The mass-spring-damper system treated here is simple example of a second-order physical system illustrating the behavior of systems obeying an equation of motion of the type

\begin{equation} a\ddot x(t) + b \dot x(t) + c x(t) = f(t) \end{equation}

This system, also called a damped harmonic oscillator, is used as a prototype system from classical mechanics to develop physical intuition, and other such systems are often conceptually referred to this system, even if their underlying physics is entirely different. For instance, when we discuss the short period mode of longitudinal dynamic stability of an aircraft or the Dutch roll mode of lateral-directional dynamic stability, we will ask ourselves, which term in their equations of motion is the “spring” term and which is the “damping” term, even though there is no physical spring present on the aircraft in either of these cases.

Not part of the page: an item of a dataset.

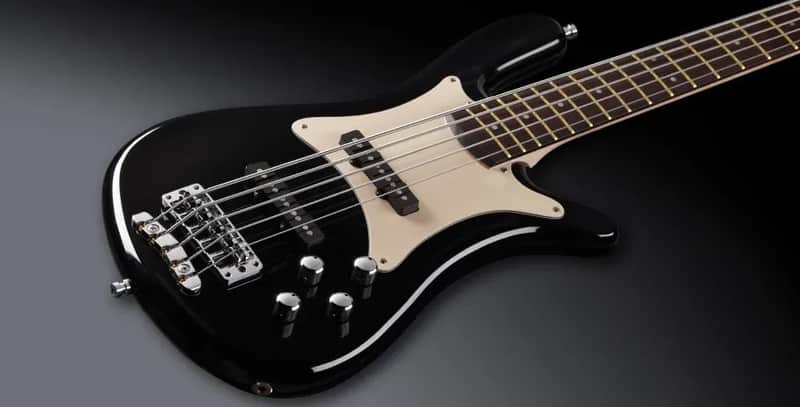 Warwick Teambuilt Pro Series Streamer CV, 5-String - Solid Black High Polish image 1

Description of the Mass-Spring-Damper System

The mass-spring-damper system comprises a block of mass sliding on a frictionless surface (or rolling on frictionless wheels with zero moment of inertia), a spring which is attached to it on one side, and a damping device, which creates a force opposite to any motion and which is proportional to the velocity of the block of mass. The position of the block of mass is described by variable \(x(t)\). The position where the spring does not exert any force is at \(x=0\). This is illustrated in the image below.

This mass-spring-damper system obeys the physical differential equation of motion

$$ m\ddot x(t) + d \dot x(t) + k x(t) = f(t), $$

where \(m\) is the mass of the block, \(k\) is the spring constant, and \(d\) (often called \(c\) in other sources) is the damping constant.

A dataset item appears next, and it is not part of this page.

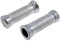 Lenkergriffe Alu silber für 1 Zoll Lenker, Alu/silber, Motorrad, Chopper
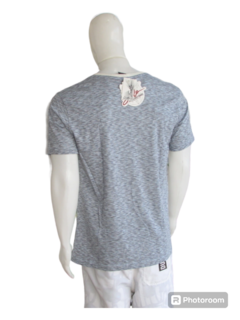 Camisa Masculina Slim Original Sallo Gola v Manga Curta na internet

From a systems point of view, we can consider the external force \(f(t)\), that we can let act on the mass, if we wish, as the input function of the system, and the position of the mass \(x(t)\) as the output of the system ((\(x(t) \) is also part of the state vector of the system, together with \(\dot x(t)\)).

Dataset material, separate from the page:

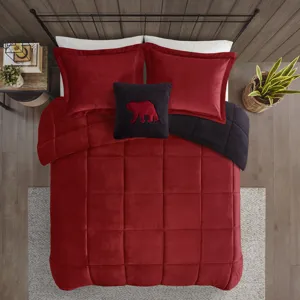Woolrich Alton Plush to Sherpa Down Alternative Comforter Set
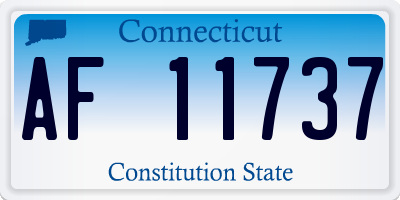 CT license plate AF11737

Equation of Motion in Standard Form

It will turn out be convenient to rewrite the above equation in such a fashion that replaces the physical parameters \(m\), \(d\), \(k\), and \(f(t)\) above with other parameters that yield information about the shape of the solutions of the system. To this end, we divide the whole equation by mass \(m\) and perform a few other variable replacements, by introducing the natural frequency parameter \(\omega_n\) and damping ratio \(\zeta\), as is illustrated in the slide below. The new parameters \(\omega_n\) and \(\zeta\) can be obtained easily from the original parameters, so no difficult calculation is necessary. The differential equation now takes the standard form

$$ \ddot x(t) + 2 \zeta\omega_n \dot x(t) + \omega_n^2 x(t) = \frac {f(t)}{m}. $$

Computing the Solution

Let us now compute an analytic solution of this standard equation of motion

$$ \ddot x(t) + 2 \zeta\omega_n \dot x(t) + \omega_n^2 x(t) = \frac {f(t)}{m}. $$

with the tools we have learned so far, for the free response of the system to a unit impulse \(f(t)/m=\delta(t)\) and zero initial condition. This means, the system is at equilibrium at rest, and something briefly excites it. We want to see how the system responds.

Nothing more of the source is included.